Our cities have become key arenas in a primarily market-driven globalization process, a process that primarily unfolds in circumstances and at the mercy of protagonists with little or nothing to do with planning and design. The sweeping decisions of multinational companies, individual consumer preferences, ecological disasters, international politics, cultural differences, and other phenomena associated with globalization render very unrealistic the idea that collective action or even design might be able to steer urban development. Cities are widely regarded as “non-planable” entities that can be observed but only barely influenced, let alone designed. Both an urban politics perspective and design as an intentional and political practice are menaced not only by neoliberal and neoconservative forces but also by the “post-planning” approach taken by progressive planners and urban researchers. In such an approach, criticism of urban inequalities or injustice is interpreted as the failure to grasp the complexity of contemporary urban landscapes—an argument supporting the current de-politicization of the city by private companies and neoliberal government policies.

The law of supply and demand has become the primary force in urban development, blocking any urban policy. Particularly in the urban context, this leads to a post-political situation, in which spaces of democratic engagement are swallowed up by an ongoing radical economization and de-politicization of social space—a process that does not seem to have been interrupted by the current global economic crisis. Even though it is still unclear whether the crisis serves to accelerate or modify these tendencies, it is necessary to discuss how the crisis of neoliberal ideology may simultaneously be an opportunity to imagine urban concepts that challenge the primacy of economic maneuvers.

From being strategic sites for the implementation of neoliberal policy, cities may possibly become a new political arena for experiments in democracy—and thus require a new design. Designers continue to hold back with criticism and proposals, but the time has come to redefine the role of design in a social city—and to take action. Design in the context of cities could redefine itself as a search for an alternative urban practice, beyond the techniques and the ideology of crisis-ridden, late-capitalist urbanism. For it is precisely in the field of design, which has hitherto seen only a cautious approach to urban issues, that one finds unexplored potential for an intentional (re)design of space.
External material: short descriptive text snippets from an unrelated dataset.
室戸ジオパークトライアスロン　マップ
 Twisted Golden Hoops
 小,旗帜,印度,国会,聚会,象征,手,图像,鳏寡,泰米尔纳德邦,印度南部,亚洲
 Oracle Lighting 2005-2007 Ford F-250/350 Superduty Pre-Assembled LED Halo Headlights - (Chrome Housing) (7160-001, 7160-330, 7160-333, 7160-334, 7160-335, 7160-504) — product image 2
Premised on a substantive retreat of the state and the surrender of social interests to market forces, the constitution of cities have become strategic spaces for the implementation of neoliberal logic. Cities are not just victims of a takeover but are at the same time actors, since neoliberalism as a practice is embedded in the urban context; it always takes place in national, regional, or local contexts and relies on their respective institutional and political parameters, local regulatory practices, and political controversy. This context-relatedness also explains, for example, the “revival of the local” that occurs at the very moment when allegedly uncontrollable supra-national transformations are underway.